DIRECTIONS FOR THIS TASK:
Keep the images out while you retype all of the data exactly.

DATA BELOW:
•••••

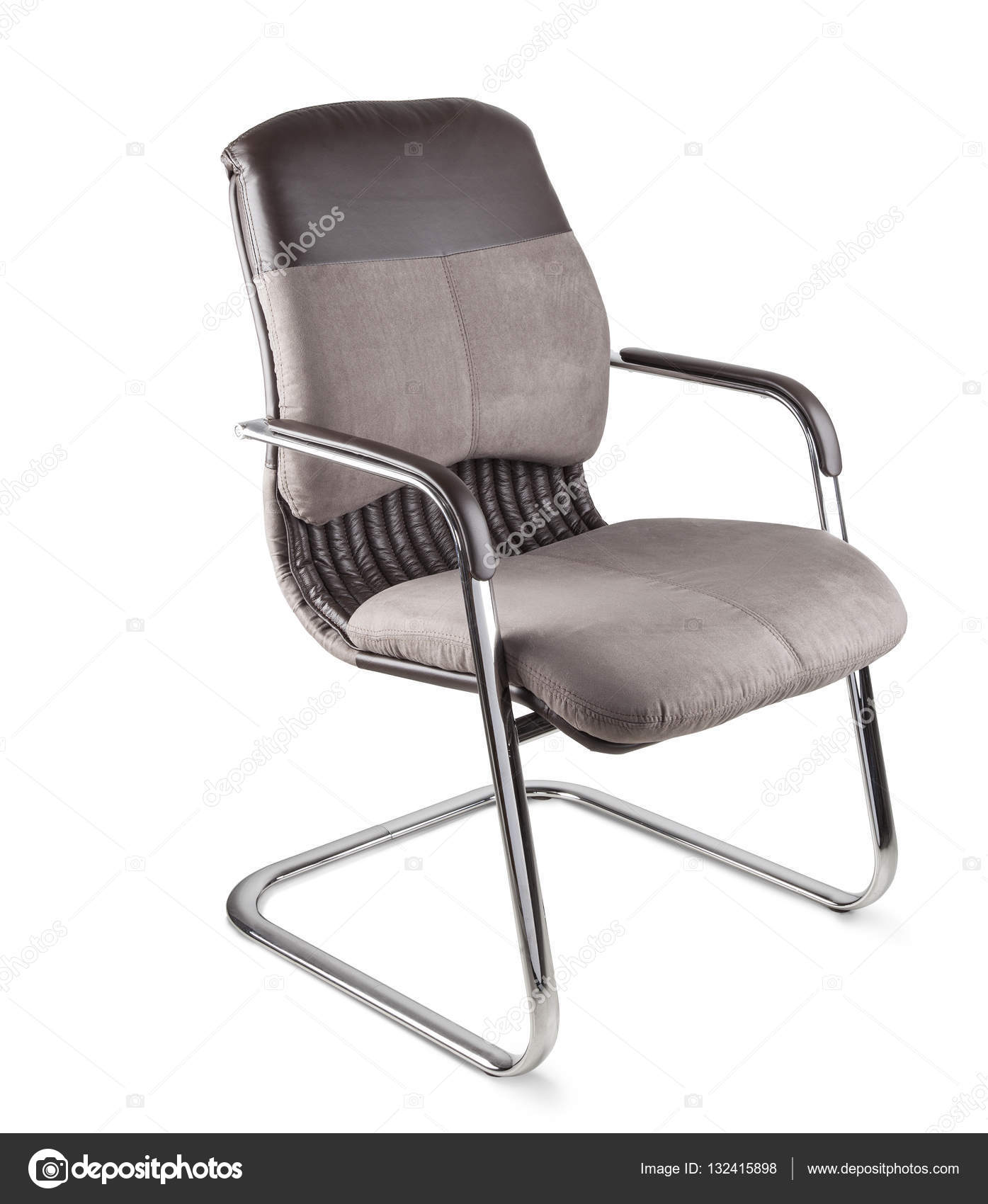 Sandalye Rahat Sandalye Rahat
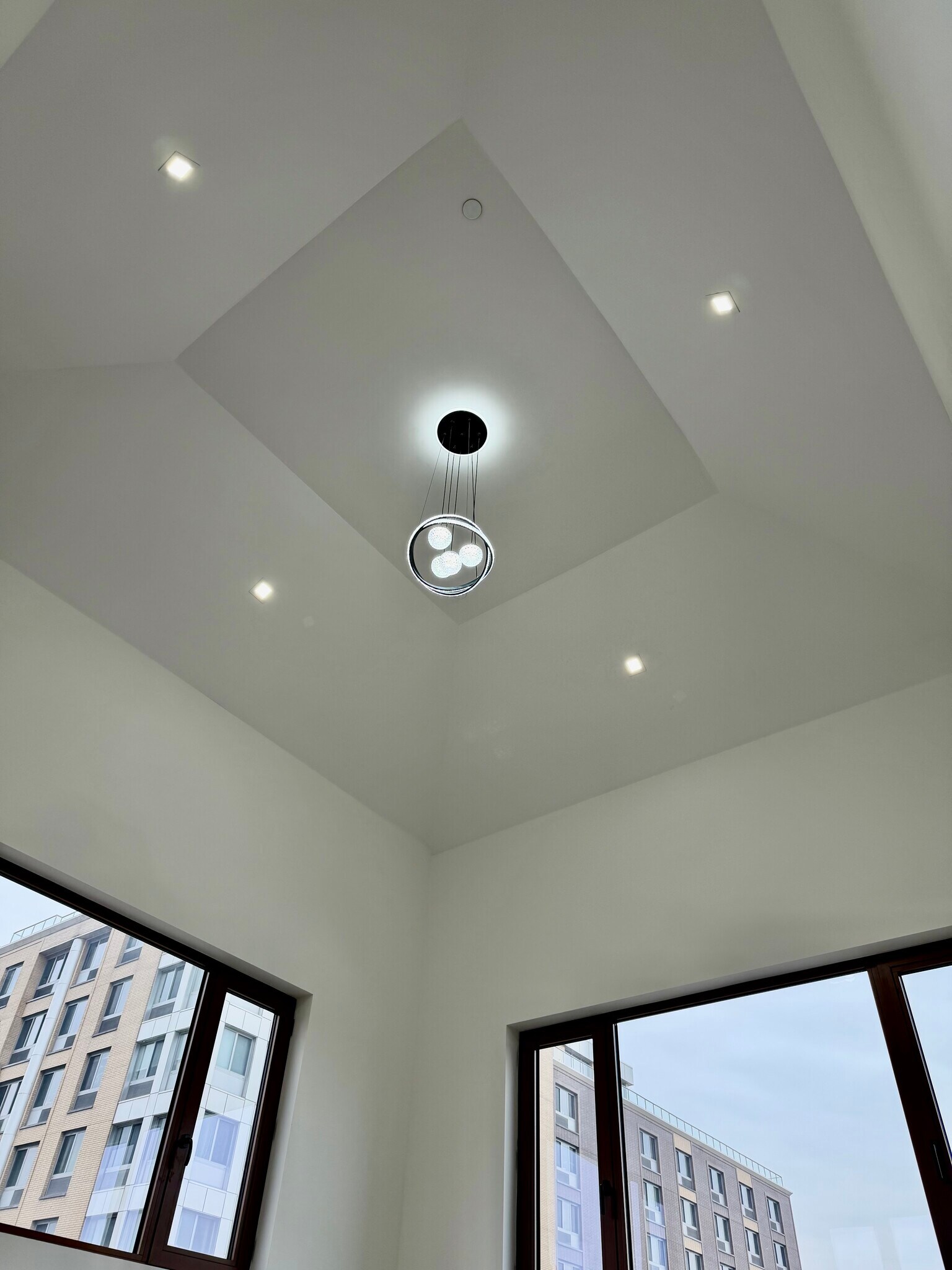 Building Photo - 226 Gramatan Ave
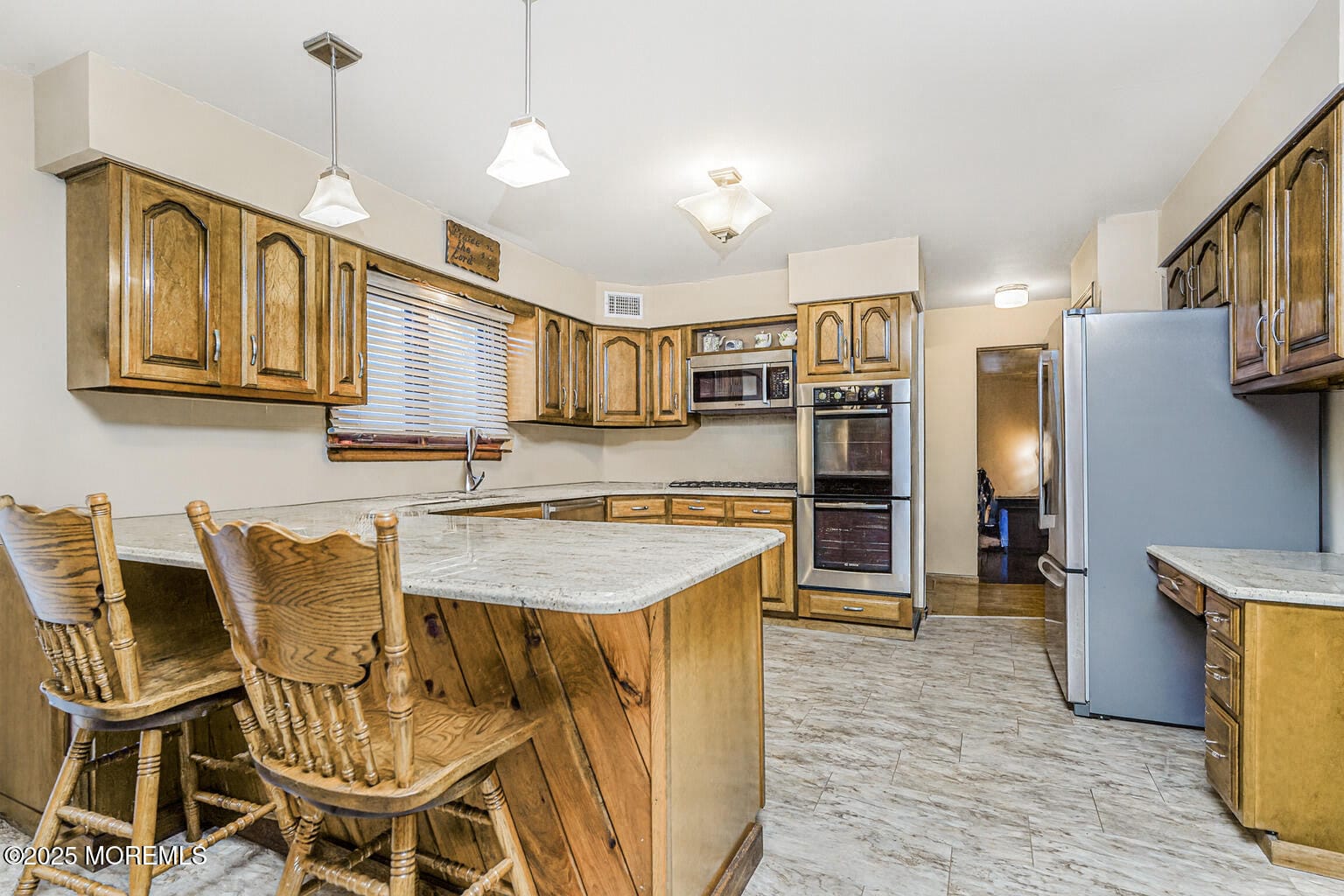 31 Devonshire Drive, Morganville, NJ, 07751 image 13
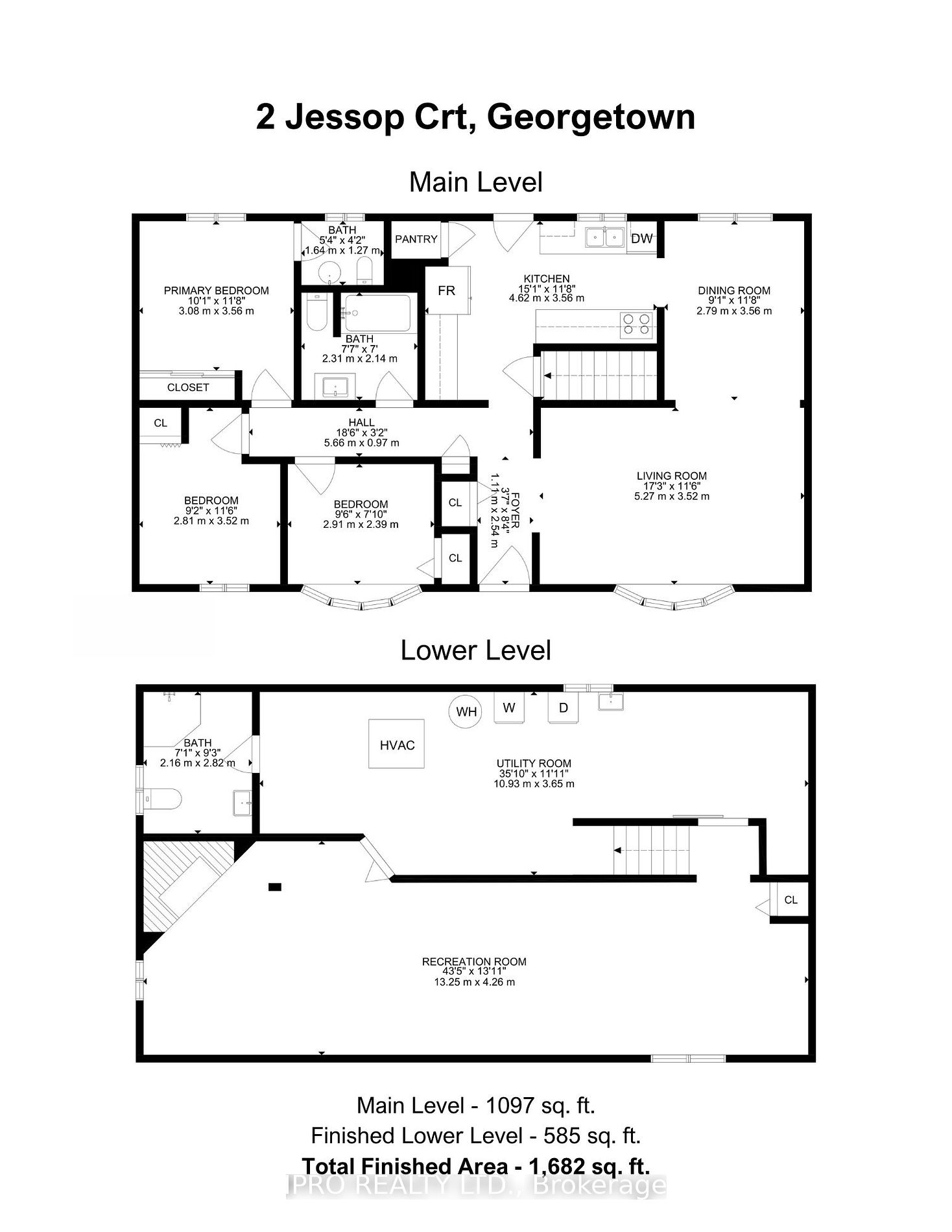 2 Jessop Crt Property Photo 30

•••••

RESPONSE:
 Sandalye Rahat Sandalye Rahat
 Building Photo - 226 Gramatan Ave
 31 Devonshire Drive, Morganville, NJ, 07751 image 13
 2 Jessop Crt Property Photo 30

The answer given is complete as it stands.